O mito da deusa Salácia (a Anfitrite dos Gregos)

A deusa Salácia, assim conhecida entre os Romanos, não é senão a mesma figura que a Anfitrite dos Antigos Gregos. Ela é, talvez até mais do que tudo o resto, a esposa do deus dos Oceanos, Neptuno / Poseidon, e se até parece ser referida aqui e ali na literatura da Antiguidade, existe essencialmente um mito significativo relacionado com ela que podemos contar aqui.
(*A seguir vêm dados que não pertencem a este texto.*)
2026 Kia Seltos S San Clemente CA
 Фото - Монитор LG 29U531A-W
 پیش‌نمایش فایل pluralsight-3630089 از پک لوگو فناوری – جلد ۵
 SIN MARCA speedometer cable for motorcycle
Resumo do mito da deusa Salácia, ou Anfitrite

A deusa Salacia e Neptuno ou Anfitrite e Poseidon

Na imagem acima pode ser vista a deusa Salácia, ou Anfitrite, com o seu marido (fácil de reconhecer pelo tridente). Como já referido, na maior parte das referências mitológicas eles estão casados, mas há um pequeno mito que conta como isso aconteceu. Segundo essa história, ou esta deusa não queria casar com o monarca dos oceanos, ou simplesmente queria preservar a sua virgindade de forma perpétua. Então, para conseguir esse seu objectivo, fugiu do pretendente e não queria mais voltar... até que um golfinho a encontrou e a convenceu a aceitar os amores do rei dos mares! Depois, como forma de agradecimento por todo esse serviço, o par de amados - supõe-se que já casados, nessa altura - decidiu fazer do golfinho um dos seus animais simbólicos, mas também o colocou entre as estrelas, onde é hoje a constelação do Golfinho (ou Delfim, segundo um nome próprio dado ao animal personagem do mito).

 

Este pequeno mito explica o porquê da deusa Salácia, ou Anfitrite, bem como o seu marido - Neptuno / Poseidon - serem ocasionalmente representados num carro puxado por golfinhos, mas também explica como é que eles se conheceram e casaram. O mito ainda não aparecia nos poemas de Homero, parece ser tardio, mas pode ter nascido da necessidade de explicar o casamento do deus, tal como os seus dois irmãos, Zeus e Hades, também tinham histórias relativas aos seus.

 

A deusa Salácia e Alcácer do Sal

Alcácer do Sal, a antiga Salacia?

Porém, o tema de hoje ainda não fica por aqui, porque ainda há dias falávamos sobre Salácia no Sal da História. Existiu, na Península Ibérica, no tempo dos Romanos uma povoação de nome Salácia, de cognome "Cidade Imperial", i.e. a Imperatoria Urbs. Pensa-se, segundo uma lenda local e aparentemente sem provas de maior (excepto a distância de outras povoações nacionais, mencionadas no chamado Itinerário de Antonino), que ela terá sido em Tróia ou na actual Alcácer do Sal. Diz-se ainda que aí existiam muitas salinas e um templo à deusa. Será esta a origem do nome? Ou seja, trocando por miúdos, se a deusa certamente veio primeiro, a cidade recebeu o nome desta divindade, de um possível templo dela, ou das salinas? Como no caso do Larouco, também aqui nos deparamos com uma espécie de situação do ovo e da galinha, em que é quase impossível responder a isto com base nas provas que ainda temos hoje em dia. Como tal, o mais correcto é dizer que a cidade e a deusa partilhavam um mesmo nome, mas que também pouco mais se sabe sobre essa relação entre ambas - por isso, quem preferir informação mais académica sobre o tema poderá até ler o que o Professor José d'Encarnação escreveu sobre ele.